Since the global financial crisis, Canadian regulators have implemented rules and guidance around disclosure to clients and investor education. That’s had an impact on issues such as adequacy of the documentation and investment fees.

Even requirements that have been around for several years continue to worry advisors. “CRM2 scrapping income [that’s] derived from trailer fees, and going all fee-based, [is a threat],” says an advisor with Mississauga, Ont.-based dealer Carte Wealth Management Inc. “That would really change the industry totally. The smaller advisors like myself would be squeezed out of the business.”

Both compliance-related categories in the 2019 Report Card series performed well compared with a year ago. “Support for dealing with changes in the regulatory environment” and “advisor’s relationship with compliance department” were rated 8.6 and 8.8 by respondents, vs 8.6 for both in 2018. The importance ratings for both categories also rose in 2019, to 9.2 and 9.1, respectively.

For respondents who chose “other” when asked about their biggest revenue fears, the main issues raised were the threat of volatile markets and the shaky global economy – forces entirely beyond the control of advisors and their firms.

“The better the average Canadian is doing, the more likely they are going to look for [advisors],” says one advisor in B.C. with London, Ont.-based insurance agency Freedom 55 Financial. “Twenty years ago, people had more expendable income.”

“I am worried about the market ending up in a black swamp [due to] global instability,” says one advisor in Ontario with Toronto-based brokerage Richardson GMP Ltd.

While a handful of respondents said they were growing assets, others worried about their fees dropping. “I expect weaker equity markets, which will affect my fee-based compensation,” says an advisor in the Prairies with Montreal-based bank-owned brokerage National Bank Financial Inc.

That focus isn’t surprising, given that fee- and/or asset-based compensation remains a key revenue source for advisors across the industry – particularly for those working at or with brokerage and dealer firms. Across all advisors surveyed for the 2019 Report Card series, that type of revenue accounted for 54.2% of gross revenue, up from 50.4% in 2018. The only segment to experience a year-over-year dip in fee and/or asset-based compensation was the dealer space, but it had also seen a significant rise in that type of revenue over the past decade.

In relation to the rocky economy, a couple of familiar figures were frequently named: U.S. president Donald Trump and Canadian prime minister Justin Trudeau. “A simple tweet can spark the market one way or another, and that might scare clients [and cause] political issues,” says one retail bank advisor in Ontario with Toronto-based Canadian Imperial Bank of Commerce.

On the topic of aging clients, a trend also noted by respondents who chose “other,” multiple advisors expressed concern.

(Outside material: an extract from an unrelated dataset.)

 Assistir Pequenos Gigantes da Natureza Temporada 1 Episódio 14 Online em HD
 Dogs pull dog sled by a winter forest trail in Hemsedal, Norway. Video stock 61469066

After market weakness, “the second threat would be all of my aging clients. If they die, they take the money with them. We need to bring [down] the average age of clients and their assets,” says one advisor in Quebec with Toronto-based brokerage BMO Nesbitt Burns Inc.

“The biggest threat is the age of my clients,” says an advisor in Ontario with Mississauga, Ont.-based Edward Jones. “[I] will lose $10 million in the next few years, [and] the people replacing [them] aren’t the same as the older clients.”